The goal of this course is to learn how to use Python and Spark to ingest, process, and analyze large volumes of data with different structures to generate insights and useful metrics from the data, walking through real-life examples and use cases.
- How to use Python to handle large volumes of data as an analyst or developer, working closely with data scientists
- Create useful metrics and statistics out of data (that was not possible before)
- Allow the students to be capable of creating its own analysis from large data sets, without having to rely on external or proprietary tools
Big Data is here to stay, as more and more companies see the value of storing data generated internally or not. But as with every new technology, it’s not enough to use it if no value is generated from it. Analyzing these datasets is a fundamental step into extracting the locked value in data. In this process, Python has been the most used programming language to process and analyze data, with its easy of use and very rich ecosystem and powerful libraries, and it’s still growing.
This course will cover an introduction to data manipulation in Python using Pandas, with generation of statistics, metrics, and plots. The next step is to do the analysis but now distributed on several computers, using Dask. Data aggregation for plots when all data does not fit into memory will be addressed. For really large problems and datasets, an introduction of Hadoop (HDFS and YARN) will be presented. The rest of the course will focus into Spark and its interaction with the previous tools presented.
By the end of the course, the student will be able to bootstrap its own Python environment, read large files and more data than can fit into memory, connect to Hadoop systems and manipulate data from there, generating statistics, metrics and graphs that represent the information in the dataset.

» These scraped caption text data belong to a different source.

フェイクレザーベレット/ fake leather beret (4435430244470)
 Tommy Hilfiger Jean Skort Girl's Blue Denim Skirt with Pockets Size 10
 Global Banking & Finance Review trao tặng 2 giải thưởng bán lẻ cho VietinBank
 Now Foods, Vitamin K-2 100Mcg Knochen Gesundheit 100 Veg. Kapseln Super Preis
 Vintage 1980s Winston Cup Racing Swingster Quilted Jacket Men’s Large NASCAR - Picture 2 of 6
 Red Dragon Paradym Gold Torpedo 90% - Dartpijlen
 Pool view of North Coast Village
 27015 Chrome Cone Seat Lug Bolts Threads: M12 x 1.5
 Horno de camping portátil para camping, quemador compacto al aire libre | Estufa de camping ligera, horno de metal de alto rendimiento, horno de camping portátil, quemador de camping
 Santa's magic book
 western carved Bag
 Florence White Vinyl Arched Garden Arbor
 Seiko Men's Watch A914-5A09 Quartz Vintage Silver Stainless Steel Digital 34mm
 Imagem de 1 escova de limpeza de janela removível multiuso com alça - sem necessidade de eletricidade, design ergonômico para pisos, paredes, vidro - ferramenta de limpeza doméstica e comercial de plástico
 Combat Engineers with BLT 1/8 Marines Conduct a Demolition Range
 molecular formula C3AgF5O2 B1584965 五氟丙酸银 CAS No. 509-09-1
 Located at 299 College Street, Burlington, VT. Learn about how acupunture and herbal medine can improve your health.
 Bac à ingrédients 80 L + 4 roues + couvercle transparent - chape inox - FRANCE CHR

This approach differs from the more common approaches to Big Data problems that usually try to solve this problem using MapReduce or SQL-over-HDFS tools, such as Hive or Impala. The approach of building from the small case to the distributed one is different, using the similar interfaces between the presented stack to make it easier to understand and achieve the final goal.
What you will learn
- Read and transform data into different formats using Python
- Read large volumes of data on disk and manipulate it to generate basic statistics and metrics
- Handle distributed computing tasks over a cluster or local machines interconnected by a network
- Convert data from different sources to efficient formats for storage or querying, like Parquet
- Process, transform and aggregate data to generate clean datasets ready to be used in statistical analysis, visualization, and machine learning
- Explore data visually, enabling other analysts and decision makers to act on information extracted from data
Who This Book Is For
The audience is expected to know basic statistical measurements (mean, median, standard deviation, and so on), some kinds of graphs (line graph, scatter plot, and so on) and have working knowledge of relational databases. Python programming or other programming language experience is required. Having knowledge about distributed systems and/or Hadoop is useful.